Bluhm, 65, knows this land intimately. He can look across a field and spot cedar trees his mother planted decades ago or dredge a hundred memories from his childhood.
His grandfather, H. William Ohlde, tamed this patch of land in 1903. The native of Germany first tried farming in Wyoming and Kansas but had no success. He traveled to California and Oregon before settling on 40 acres of Dutch Hill. His holdings would eventually grow to 320 acres before being sold off or split among his descendants.
It was on one of these parcels of land that Leonard Bluhm’s uncle, Walter Ohlde, built the little home with salvaged lumber in 1941. The square house had no eaves and measured 24 by 28 feet on the inside. He chose a no-frills floor plan: a parlor and bedroom at the front of the home, a kitchen and bathroom in the back. Two bedrooms upstairs remained empty and mostly unused.
Walter Ohlde’s bride, Hazel, would spend nearly all of her married life in the parlor. Disabled by multiple sclerosis, she lay in a bed positioned in front of the window so she could gaze out on the fields.
Longtime locals knew Ohlde, a beekeeper, as the “Honeyman of Dutch Hill.” When he died in 1992, the Bluhms decided they would buy one of the remaining parcels still owned by the family. Nancy Bluhm remembers telling her mother their plans.
“My mother just sobbed,” Nancy Bluhm, 62, recalled.
“You can’t move into that!” Leonard Bluhm remembers his mother-in-law blurting out.
They can and did.
At first, the Bluhms focused on making the house livable. Walls were filthy with soot from the wood furnace. Windows leaked and were rotting. They scrubbed and wallpapered and replaced the old knob-and-tube wiring, so-called for the ceramic knobs and tubes used to insulate the wiring. They ripped out windows and took down walls.
Nancy Bluhm admits in those early years, she didn’t always share her husband’s vision. She had left a beautiful home in Marysville with “a woman’s dream kitchen,” modern and spacious with floor-to-ceiling cabinets and drawers.
Her 1940s kitchen was cramped and dark. The cabinets were painted turquoise and orange and the counter space was so limited she washed dishes in the bathtub during family functions.
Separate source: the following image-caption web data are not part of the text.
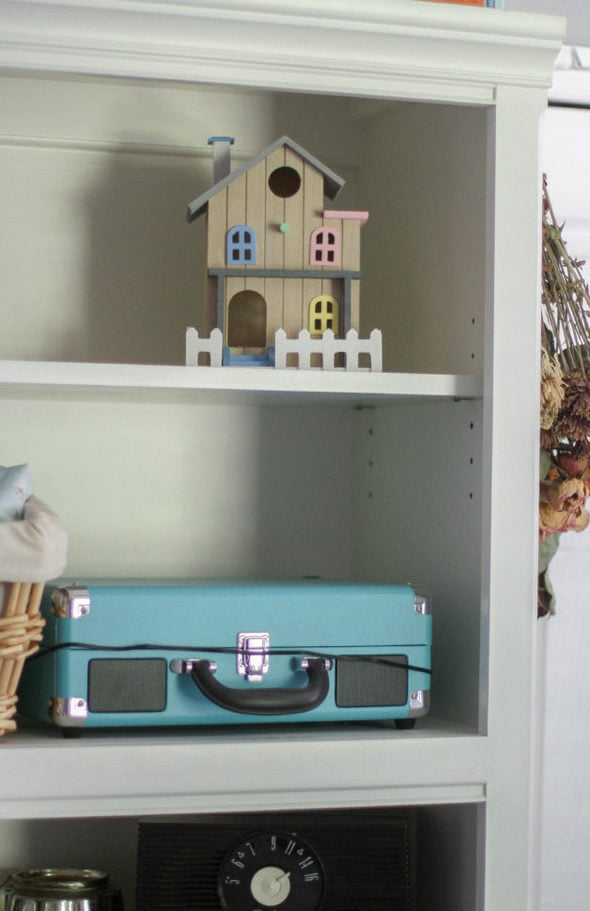 A white bookshelf with a birdhouse on the top shelf.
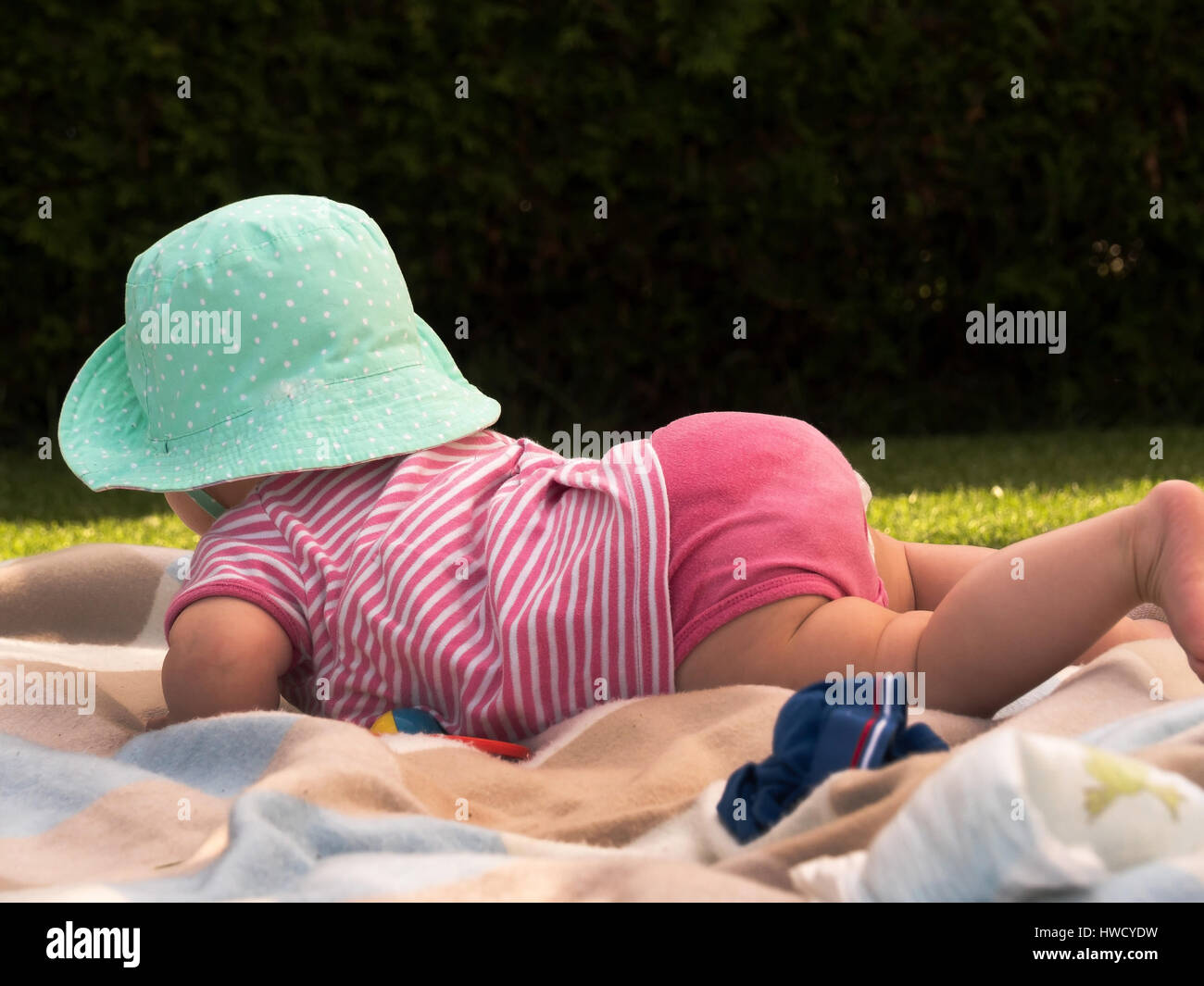 Ein Baby mit dem Bauch liegt und trägt einen Hut., Ein Baby Liegt am Bauch Und Hat Einen Hut Auf. Stockfoto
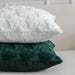 White and green plush tree cushions stacked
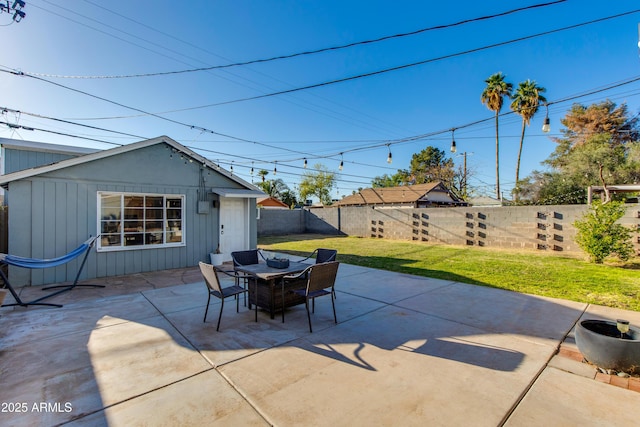 view of patio / terrace with an outbuilding, outdoor dining area, and a fenced backyard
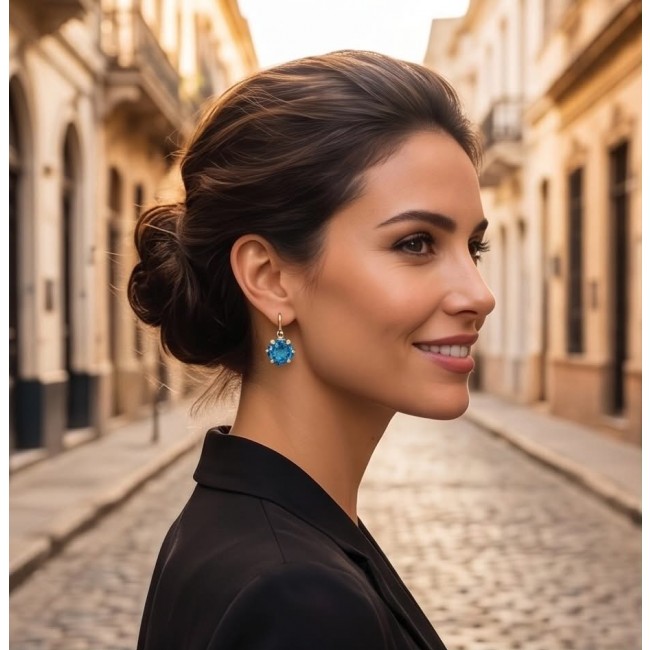 Atlantica 6.8 carat Swiss Blue Topaz 22K Gold over .925 Sterling Silver Handcrafted Statement earrings - Side view of woman wearing Atlantica Swiss Blue Topaz earrings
She began carting around a photo spread from “Country Kitchens” magazine, a perfect picture of what she wanted.
“Honey, just be patient,” Leonard Bluhm said. “We’ve got a goal, a dream here, and you will get your kitchen back.”
First, the house would get dormers, wraparound porches and closet space. They reversed the stairway to bring it up to code. Throughout the remodel, they added decorative touches that suggest a much older home such as tongue-and-groove bead-board ceilings and wood molding. They converted an old ironing board closet into a canning pantry, now neatly filled with homemade canned goods.
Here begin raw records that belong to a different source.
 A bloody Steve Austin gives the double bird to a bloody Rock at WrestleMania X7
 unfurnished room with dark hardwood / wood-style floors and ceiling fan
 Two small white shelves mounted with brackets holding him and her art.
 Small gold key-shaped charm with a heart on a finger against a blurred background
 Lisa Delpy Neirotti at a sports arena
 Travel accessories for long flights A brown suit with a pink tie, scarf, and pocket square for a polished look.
For a time, the couple kept bees, and they still raise chickens and grow a sizable vegetable garden. They’ve added curved planting beds and neatly trimmed the grass.
Finally, three years ago, the couple added an addition to the house, her dream French country kitchen and living area. White painted wood cabinets, bead board and solid wood floors give this modern kitchen the warm country feel Nancy Bluhm had dreamed of.
“I go in there, and I just want to cry,” Nancy Bluhm said. “There is hope, there is a way you can take nothing and do something with it, it goes to prove it can be done.”